Exposition Francesca Caruana
« Lignes d’eau »
à Sète (Centre Régional d’Art Contemporain,
Chapelle Haute, et deux installations in situ
« l’îlot de Robinson » et
« S. eau S. » )
Du 15 au 30 mars 2012
Une vague déferlante
Avec ces quatre interventions réalisées à Sète par Francesca Caruana
dans le cadre du 6ème Forum Mondial de l’Eau nous nous trouvons en face d’une
approche artistique polymorphe qui joue avec les lieux et les moyens
d’expression tout en respectant la thématique fixée, celle de l’eau. Cette
dernière se trouve mise en évidence par son contenant même dans le hall d'entrée du CRAC
grâce à la constitution d’une ligne sinusoïde avec des bouteilles vides, colorées
et enfilées sur un câble tandis qu’un lourd parallélépipède composé de plus de 200
bouteilles vides elles aussi lui répond. La présence entêtante du plastique
indestructible, de sa volumétrie et de sa mise en espace répond par la négative
à la présence, ou plutôt à l’absence du liquide vital. La rareté du produit se
trouve ainsi mise en lumière par une esthétique de la récupération.
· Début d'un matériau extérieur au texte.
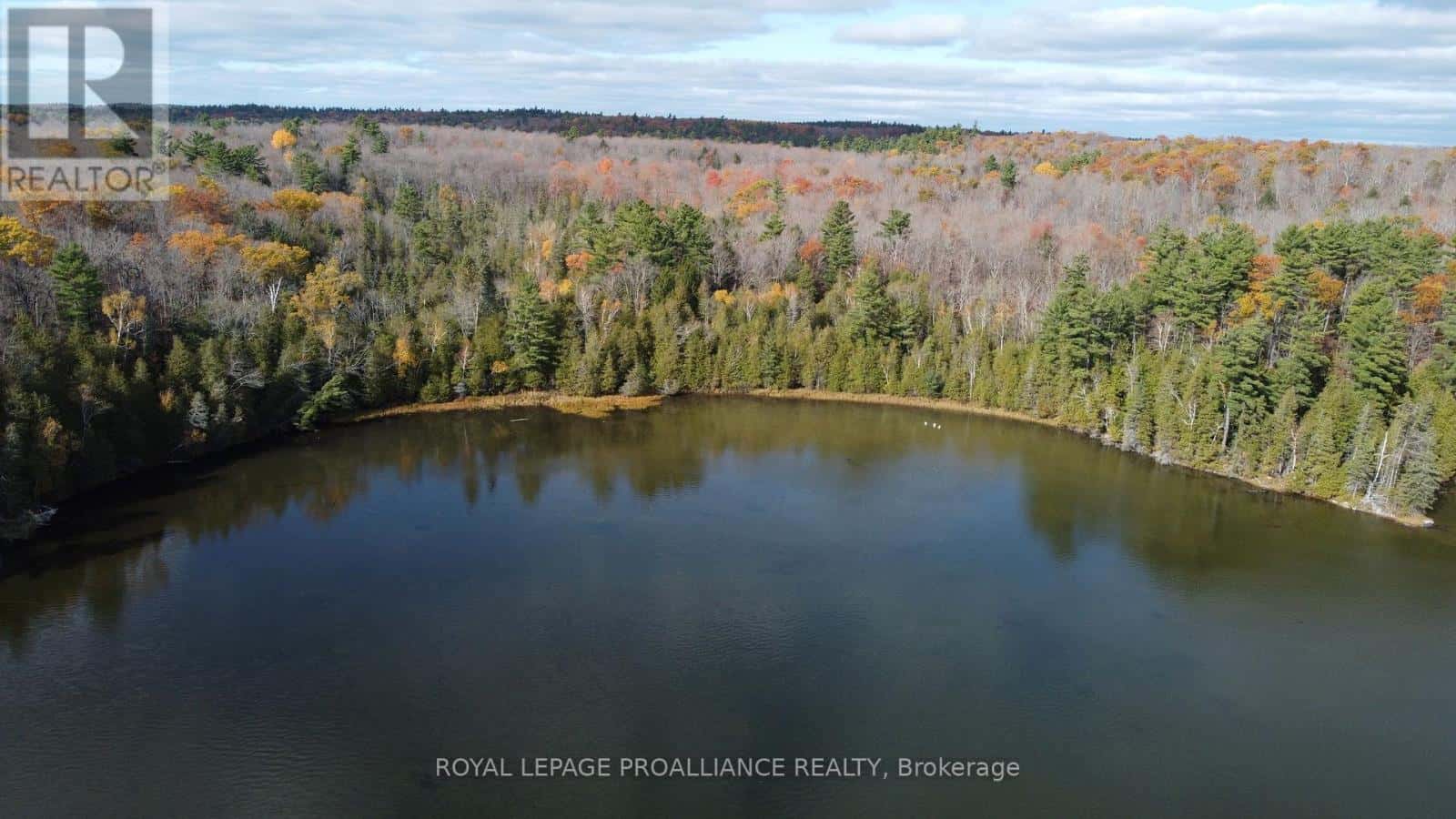 1070 PERRY LANE - LOT 2 LANE — North Frontenac (Frontenac North), Ontario - Photo 4 of 14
Deux installations optent pour une forte présence en naviguant avec les
contraintes portuaires. La première nommée « S. eau S. » au dock
Richelieu se compose de bouées de plage de grand format tandis que la seconde
intitulée « l’îlot de Robinson » est constituée par un radeau avec un
arbre mort, une chaise longue, un parasol, et des objets divers dans des
couleurs artificielles. Cette représentation d’une des inventions littéraires
occidentales les plus fantasmées (de Daniel Defoe à Michel Tournier) nous
plonge dans des considérations tant plastiques que référentielles. Il existe
dans l’œuvre de Caruana le souvenir d’une absence et la mise en perspective d’un
jeu enfantin qui offre une nouvelle perspective conceptuelle à l’interprétation
de son éphémère monument.
Enfin avec la Chapelle Haute nous nous trouvons en présence d’une monstration
en apparence plus traditionnelle mais qui possède un fort pouvoir séducteur. Le
génie du lieu offre d’emblée une plus value pour les œuvres exposées. Au centre
se trouve une ingénieuse installation de petits aquariums remplis d’eau, avec
le liquide allant du sale au limpide en passant par tous les stades possibles.
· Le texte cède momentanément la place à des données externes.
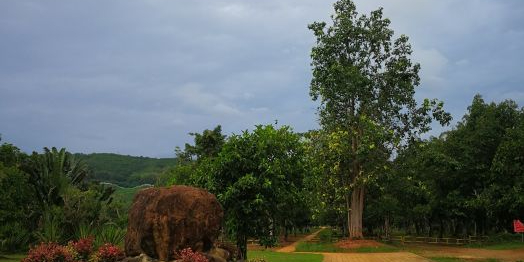 勐泐雨林公圆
Il ne s’agit cependant pas d’une démonstration didactique mais d’un
questionnement amenant de l’évidence à la grâce. La série des « Buvards d’eau »
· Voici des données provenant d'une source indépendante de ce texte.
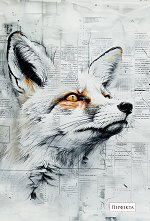 �������� � ������ ������ - 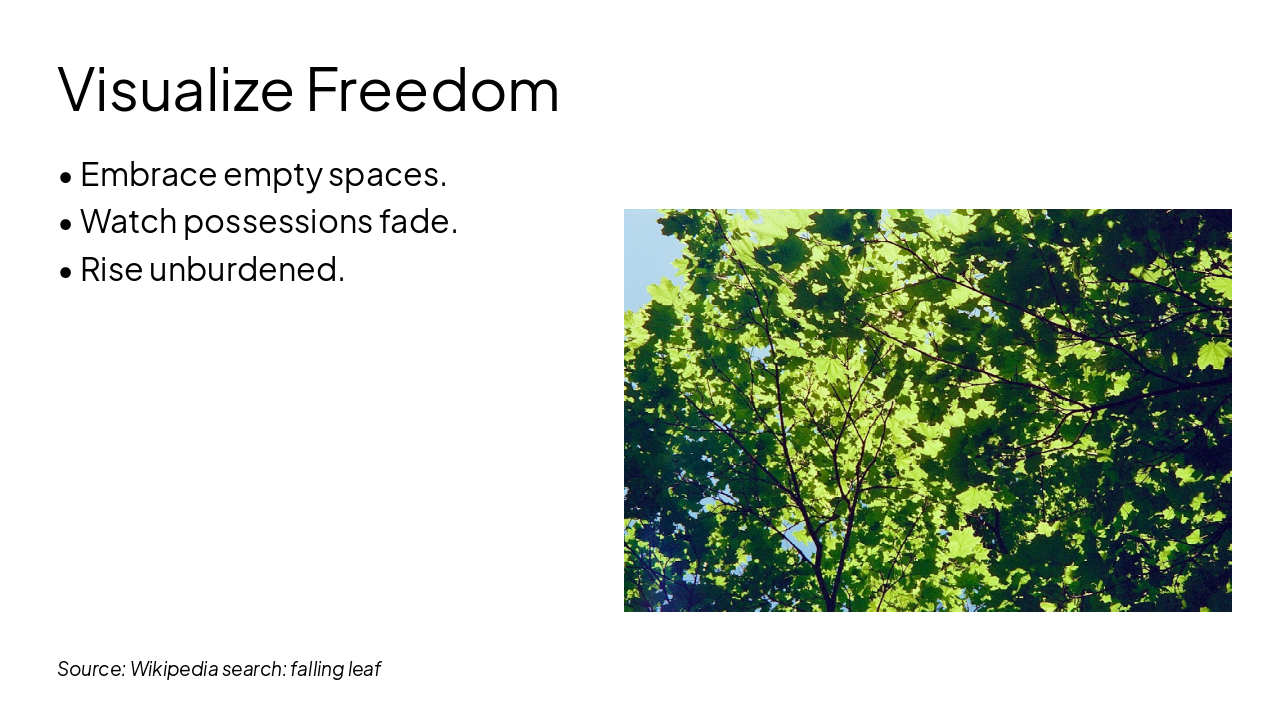 Slide 4 - Visualize Freedom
joue sur l’imprégnation et la représentation picturale. Divers éléments proches
de l’univers de l’artiste (os, rostres d’espadon, crânes de lapin, vertèbres de
mouton,…) se trouvent réagencés pour entrer dans la définition même du sujet. La
construction de lignes d’eau à partir de restes tangibles peut surprendre dans
un premier temps. Pourtant cette contraction-dilatation des ingrédients naturels
participe à l’élaboration savante d’une poétique qui transcende les genres
établis.
Partant d’une contrainte donnée –
l’eau –, Francesca
Caruana en décline avec inventivité les caractéristiques les plus secrètes. Elle
affine notre perception du précieux liquide au travers d’une approche
contemporaine qui magnifie la souveraine puissance du mythe.